When asked to evaluate how good we are at something, we tend to get that estimation completely wrong. It’s a universal human tendency, with the effect seen most strongly in those with lower levels of ability. Called the Dunning-Kruger effect, after the psychologists who first studied it, this phenomenon means people who aren’t very good at a given task are overconfident, while people with high ability tend to underestimate their skills. It’s often revealed by cognitive tests — which contain problems to assess attention, decision-making, judgment and language.
But now, scientists at Finland’s Aalto University (together with collaborators in Germany and Canada) have found that using artificial intelligence (AI) all but removes the Dunning-Kruger effect — in fact, it almost reverses it.
As we all become more AI-literate thanks to the proliferation of large language models (LLMs), the researchers expected participants to be not only better at interacting with AI systems but also better at judging their performance in using them. “Instead, our findings reveal a significant inability to assess one’s performance accurately when using AI equally across our sample,” Robin Welsch, an Aalto University computer scientist who co-authored the report, said in a statement.
Flattening the curve
In the study, scientists gave 500 subjects logical reasoning tasks from the Law School Admission Test, with half allowed to use the popular AI chatbot ChatGPT. Both groups were later quizzed on both their AI literacy and how well they thought they performed, and promised extra compensation if they assessed their own performance accurately.

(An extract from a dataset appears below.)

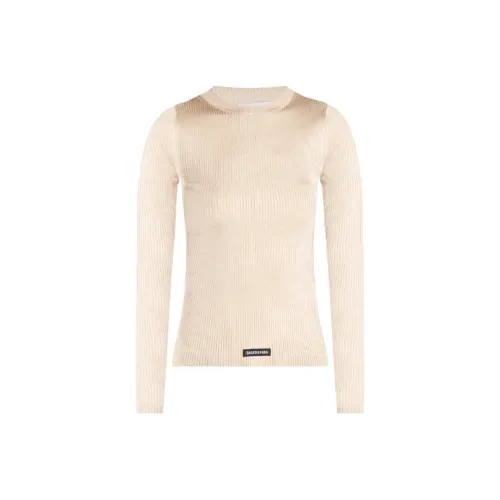 Balenciaga Трикотаж Женский Экрю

The reasons behind the findings are varied. Because AI users were usually satisfied with their answer after only one question or prompt, accepting the answer without further checking or confirmation, they can be said to have engaged in what Welsch calls “cognitive offloading” — interrogating the question with reduced reflection, and approaching it in a more “shallow” way.
Less engagement in our own reasoning — termed “metacognitive monitoring” — means we bypass the usual feedback loops of critical thinking, which reduces our ability to gauge our performance accurately.
Even more revealing was the fact that we all overestimate our abilities when using AI, regardless of our intelligence, with the gap between high and low-skill users shrinking. The study attributed this to the fact that LLMs help everyone perform better to some degree.
Although the researchers didn’t refer to this directly, the finding also comes at a time when scientists are questioning we’re starting to ask whether common LLMs are too sycophantic. The Aalto team warned of several potential ramifications as AI becomes more widespread.
Firstly, metacognitive accuracy overall might suffer. As we rely more on results without rigorously questioning them, a trade-off emerges whereby user performance improves but an appreciation of how well we do with tasks declines. Without reflecting on results, error checking or deeper reasoning, we risk dumbing down our ability to source information reliably, the scientists said in the study.
What’s more, the flattening of the Dunning-Kruger Effect will mean we’ll all continue to overestimate our abilities while using AI, with the more AI-literate among us doing so even more — leading to an increased climate of miscalculated decision-making and an erosion of skills.
One of the methods the study suggests to arrest such decline is to have AI itself encourage further questioning in users, with developers reorienting responses to encourage reflection — literally asking questions like “how confident are you in this answer?” or “what might you have missed?” or otherwise promoting further interaction through measures like confidence scores.
The new research adds further weight to the growing belief that, as the Royal Society recently argued, AI training should include critical thinking, not just technical ability. “We… offer design recommendations for interactive AI systems to enhance metacognitive monitoring by empowering users to critically reflect on their performance,” the scientists said.